___ Input
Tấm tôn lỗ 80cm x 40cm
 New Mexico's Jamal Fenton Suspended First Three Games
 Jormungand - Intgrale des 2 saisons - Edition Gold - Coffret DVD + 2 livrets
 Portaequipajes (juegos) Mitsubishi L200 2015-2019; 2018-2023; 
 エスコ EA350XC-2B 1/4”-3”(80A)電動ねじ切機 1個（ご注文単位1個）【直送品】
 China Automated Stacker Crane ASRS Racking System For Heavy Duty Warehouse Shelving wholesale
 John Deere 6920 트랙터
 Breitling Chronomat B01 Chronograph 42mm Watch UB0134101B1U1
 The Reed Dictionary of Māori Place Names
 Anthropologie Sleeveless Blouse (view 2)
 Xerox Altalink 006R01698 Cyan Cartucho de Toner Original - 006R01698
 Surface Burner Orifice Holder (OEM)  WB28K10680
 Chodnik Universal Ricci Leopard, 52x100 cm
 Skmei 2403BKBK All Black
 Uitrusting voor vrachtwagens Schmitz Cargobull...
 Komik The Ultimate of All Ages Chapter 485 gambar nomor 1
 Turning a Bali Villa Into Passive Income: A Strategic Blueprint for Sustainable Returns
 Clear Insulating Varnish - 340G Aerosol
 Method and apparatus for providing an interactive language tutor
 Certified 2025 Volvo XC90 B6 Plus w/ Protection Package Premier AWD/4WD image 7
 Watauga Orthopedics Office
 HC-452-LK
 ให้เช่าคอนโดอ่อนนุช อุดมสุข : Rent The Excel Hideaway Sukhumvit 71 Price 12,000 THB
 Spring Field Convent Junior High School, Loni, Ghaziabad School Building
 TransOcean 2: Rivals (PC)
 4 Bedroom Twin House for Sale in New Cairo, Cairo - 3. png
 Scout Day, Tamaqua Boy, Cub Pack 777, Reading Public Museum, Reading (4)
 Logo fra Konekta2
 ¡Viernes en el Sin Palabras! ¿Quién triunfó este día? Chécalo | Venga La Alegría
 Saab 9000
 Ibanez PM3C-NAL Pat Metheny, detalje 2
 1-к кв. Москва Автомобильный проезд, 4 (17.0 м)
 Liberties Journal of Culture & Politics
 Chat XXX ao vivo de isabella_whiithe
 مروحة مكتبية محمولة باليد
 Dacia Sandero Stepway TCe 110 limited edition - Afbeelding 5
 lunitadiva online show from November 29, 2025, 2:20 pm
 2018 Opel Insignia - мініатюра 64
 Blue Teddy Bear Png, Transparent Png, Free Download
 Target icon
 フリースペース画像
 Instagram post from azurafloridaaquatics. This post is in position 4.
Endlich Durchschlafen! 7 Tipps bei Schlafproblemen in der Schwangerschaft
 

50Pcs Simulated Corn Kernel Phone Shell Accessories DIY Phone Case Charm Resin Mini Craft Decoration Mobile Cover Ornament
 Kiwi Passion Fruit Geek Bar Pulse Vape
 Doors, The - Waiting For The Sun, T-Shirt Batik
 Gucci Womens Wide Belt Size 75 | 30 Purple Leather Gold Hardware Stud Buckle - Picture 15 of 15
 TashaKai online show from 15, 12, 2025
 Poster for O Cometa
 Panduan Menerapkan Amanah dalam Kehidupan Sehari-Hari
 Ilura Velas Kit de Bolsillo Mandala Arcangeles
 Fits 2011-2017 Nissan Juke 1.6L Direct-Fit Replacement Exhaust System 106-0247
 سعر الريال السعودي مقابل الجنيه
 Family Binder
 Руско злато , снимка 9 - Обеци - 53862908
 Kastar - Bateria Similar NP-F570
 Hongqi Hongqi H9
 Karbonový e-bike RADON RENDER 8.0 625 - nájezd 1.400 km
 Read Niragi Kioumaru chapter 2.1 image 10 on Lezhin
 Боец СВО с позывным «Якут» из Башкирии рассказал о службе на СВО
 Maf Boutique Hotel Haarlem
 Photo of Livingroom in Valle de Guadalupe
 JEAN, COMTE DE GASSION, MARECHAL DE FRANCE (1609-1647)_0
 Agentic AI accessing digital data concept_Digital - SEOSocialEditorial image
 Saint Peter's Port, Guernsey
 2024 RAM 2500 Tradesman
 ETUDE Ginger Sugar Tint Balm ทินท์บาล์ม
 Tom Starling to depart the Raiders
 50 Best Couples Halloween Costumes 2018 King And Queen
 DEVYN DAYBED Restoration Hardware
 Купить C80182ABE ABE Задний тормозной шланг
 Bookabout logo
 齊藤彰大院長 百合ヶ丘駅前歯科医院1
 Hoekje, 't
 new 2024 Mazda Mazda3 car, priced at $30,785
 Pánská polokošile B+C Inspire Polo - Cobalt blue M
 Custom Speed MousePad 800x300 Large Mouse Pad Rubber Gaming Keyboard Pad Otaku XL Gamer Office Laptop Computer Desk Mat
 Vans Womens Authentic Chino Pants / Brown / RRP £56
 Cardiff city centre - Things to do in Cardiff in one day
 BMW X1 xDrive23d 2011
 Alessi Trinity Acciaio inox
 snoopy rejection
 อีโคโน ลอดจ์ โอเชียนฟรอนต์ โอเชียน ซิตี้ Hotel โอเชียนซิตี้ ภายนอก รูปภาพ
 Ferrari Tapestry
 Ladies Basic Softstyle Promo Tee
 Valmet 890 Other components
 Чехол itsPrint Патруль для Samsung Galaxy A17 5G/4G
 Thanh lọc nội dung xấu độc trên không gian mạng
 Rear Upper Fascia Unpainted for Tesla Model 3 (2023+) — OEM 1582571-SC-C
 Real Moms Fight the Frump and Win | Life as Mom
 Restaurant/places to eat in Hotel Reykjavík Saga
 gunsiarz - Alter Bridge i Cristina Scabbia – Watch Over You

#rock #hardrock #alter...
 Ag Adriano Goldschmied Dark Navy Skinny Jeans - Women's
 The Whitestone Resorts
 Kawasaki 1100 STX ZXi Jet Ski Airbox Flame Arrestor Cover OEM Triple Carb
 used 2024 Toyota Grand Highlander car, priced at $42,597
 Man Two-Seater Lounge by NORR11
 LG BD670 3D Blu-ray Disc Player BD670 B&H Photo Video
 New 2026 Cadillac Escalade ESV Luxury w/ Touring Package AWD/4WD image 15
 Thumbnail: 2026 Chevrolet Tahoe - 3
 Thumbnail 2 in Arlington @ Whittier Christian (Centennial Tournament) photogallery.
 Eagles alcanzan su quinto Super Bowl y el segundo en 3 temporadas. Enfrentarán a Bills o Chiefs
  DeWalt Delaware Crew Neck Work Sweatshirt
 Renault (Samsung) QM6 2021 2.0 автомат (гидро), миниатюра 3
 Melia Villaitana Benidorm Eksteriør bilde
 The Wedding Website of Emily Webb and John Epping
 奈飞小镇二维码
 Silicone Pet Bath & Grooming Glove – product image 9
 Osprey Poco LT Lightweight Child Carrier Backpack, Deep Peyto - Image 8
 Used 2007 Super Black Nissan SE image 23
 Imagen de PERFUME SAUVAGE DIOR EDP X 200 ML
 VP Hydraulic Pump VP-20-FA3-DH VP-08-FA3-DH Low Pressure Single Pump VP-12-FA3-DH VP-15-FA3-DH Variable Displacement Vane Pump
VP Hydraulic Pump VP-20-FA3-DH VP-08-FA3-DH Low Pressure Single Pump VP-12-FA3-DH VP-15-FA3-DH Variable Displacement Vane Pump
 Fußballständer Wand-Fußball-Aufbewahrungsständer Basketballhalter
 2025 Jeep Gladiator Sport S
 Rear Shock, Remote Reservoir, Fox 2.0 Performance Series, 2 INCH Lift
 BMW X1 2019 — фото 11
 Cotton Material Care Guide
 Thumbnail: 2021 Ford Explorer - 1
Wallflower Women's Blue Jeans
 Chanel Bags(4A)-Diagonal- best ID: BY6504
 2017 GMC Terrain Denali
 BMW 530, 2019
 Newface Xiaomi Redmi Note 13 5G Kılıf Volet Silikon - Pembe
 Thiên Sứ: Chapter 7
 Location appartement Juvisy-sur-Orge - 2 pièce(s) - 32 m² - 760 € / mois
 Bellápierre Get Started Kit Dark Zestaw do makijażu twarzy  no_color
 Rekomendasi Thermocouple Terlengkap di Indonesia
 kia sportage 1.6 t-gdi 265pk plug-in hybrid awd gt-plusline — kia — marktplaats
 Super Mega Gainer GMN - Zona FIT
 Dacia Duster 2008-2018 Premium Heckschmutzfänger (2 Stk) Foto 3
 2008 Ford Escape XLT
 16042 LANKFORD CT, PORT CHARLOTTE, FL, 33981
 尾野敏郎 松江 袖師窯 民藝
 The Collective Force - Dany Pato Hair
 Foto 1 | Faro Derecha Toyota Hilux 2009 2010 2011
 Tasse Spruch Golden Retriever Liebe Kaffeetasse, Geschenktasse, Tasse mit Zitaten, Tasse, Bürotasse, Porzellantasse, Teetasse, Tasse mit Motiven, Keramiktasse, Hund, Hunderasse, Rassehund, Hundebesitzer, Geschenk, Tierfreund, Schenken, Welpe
______
*Problem details*.
What do the lines above say from the one containing "Skmei 2403BKBK All Black" down to the one containing "ให้เช่าคอนโดอ่อนนุช อุดมสุข : Rent"? Return them exactly, both end lines included, and only them.

*Solution for this exercise*.
 Skmei 2403BKBK All Black
 Uitrusting voor vrachtwagens Schmitz Cargobull...
 Komik The Ultimate of All Ages Chapter 485 gambar nomor 1
 Turning a Bali Villa Into Passive Income: A Strategic Blueprint for Sustainable Returns
 Clear Insulating Varnish - 340G Aerosol
 Method and apparatus for providing an interactive language tutor
 Certified 2025 Volvo XC90 B6 Plus w/ Protection Package Premier AWD/4WD image 7
 Watauga Orthopedics Office
 HC-452-LK
 ให้เช่าคอนโดอ่อนนุช อุดมสุข : Rent The Excel Hideaway Sukhumvit 71 Price 12,000 THB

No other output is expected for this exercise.